When it comes to Hollywood awards shows, Don Mischer has become the go-to man — this year will mark the 14th time that he will produce the Primetime Emmys. “We’re happy to be back,” says Mischer, who’s deep into planning this year’s kudos fest, along with his partners, Charlie Haykel and Juliane Hare. Here, he offered Variety a sneak peek of what to expect come Sept. 20.
How will this year’s show be different?
First of all, the nominees are more inclusive and diverse than any time in recent memory. No blue-ribbon panels anymore when it comes down to selecting the winners. That’s going to open up the whole process. It’s much more open voting, and the nominees have reflected that. You’re going to find the same thing on Sept. 20 when we open the envelopes.
Andy Samberg is this year’s host. What will he bring to the show?
He’s very likable. He’s very funny. He’s multi-talented. He can make great films. He can perform. He’s quick on his feet. He can roll with the punches. He’s going to bring a great energy to the show, which I hope will lift the pacing and the tempo of the show from the very beginning to the end. We know from doing these shows in the past that keeping the show short and funny but really on a track to move through the evening efficiently makes a big difference on how you spend the three hours watching it. And I think Andy Samberg is particularly gifted in this area. He’s got tons of ideas already.
What ideas has he suggested?
Nothing’s been accepted or adopted yet. Everything’s on the table. Everything’s in flux. Andy has an “SNL” background where decisions are left to the last minute.
How comfortable are you with that as a producer?
What you want more than anything is for it to work and for it to be funny. It would be nice for us if we had material ahead of time. But part of our job is working with the host and the host’s team of writers and guiding them toward where we need to be. At this point we’re prepared for anything. You never know what’s going to happen when you produce these things. You look for those sparks and surprises and unpredictability. That always tends to make it better — like in 2013 when Jennifer Lawrence was walking up the steps at the Oscars and slipped and fell. I was directing that show, and social media just blew up and the ratings spiked. Being a little bit uncertain about what’s coming next can really help when it comes to live TV.
So you’re going to spill something on the steps?

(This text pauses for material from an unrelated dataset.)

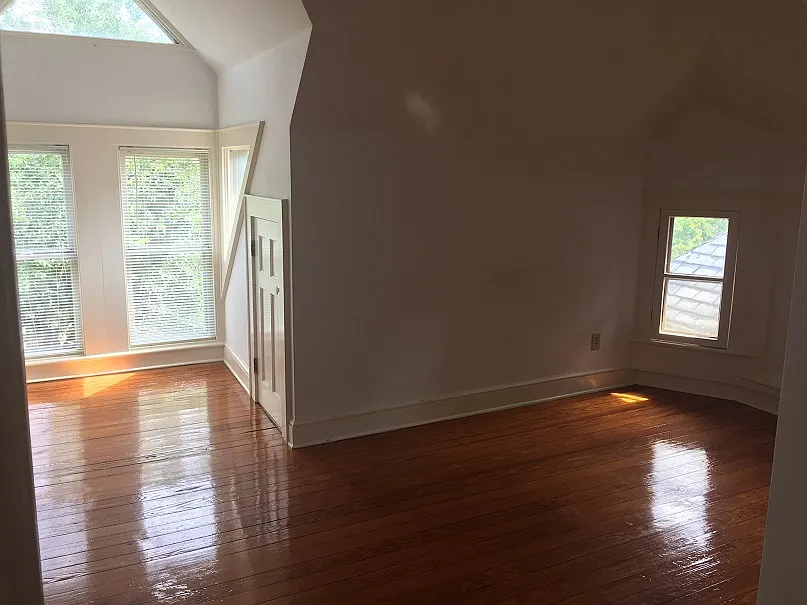 1 bed, 1000 sqft, $1,600 — Photo 3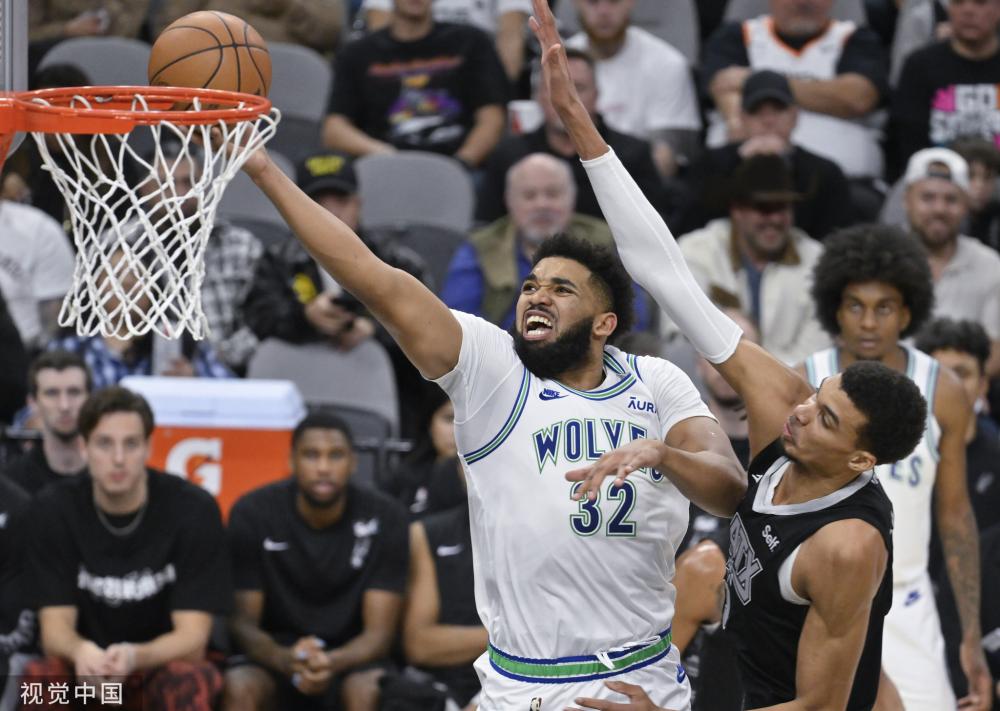 技打入首球 技打入首球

You bet! Maybe we’ll put a little trip wire.
Samberg is famous for his pretaped videos with his Lonely Island crew. Safe to assume we can expect that?
That’s heavily being considered at this point. I think we will end up doing one or two pretaped pieces. He’s done really well with those.
Last year the show was on in August. How happy are you to be back in September?
Very excited! Last year we were really worried about doing it on a Monday night logistically. We were only able to close one street down around what’s now the Microsoft Theater. Now we’re back to being able to close four or five streets. This year, we’re going to be following an NFL double-header on Fox. And the entire Fox NFL team will be doing the pre-game and post-game show on the red carpet. It will help us out in terms of pulling an audience when the game is over. I, of course, am rooting for a game that’s decided on the last play of the game. And maybe we run into a little overtime.
Any races you’re especially excited about?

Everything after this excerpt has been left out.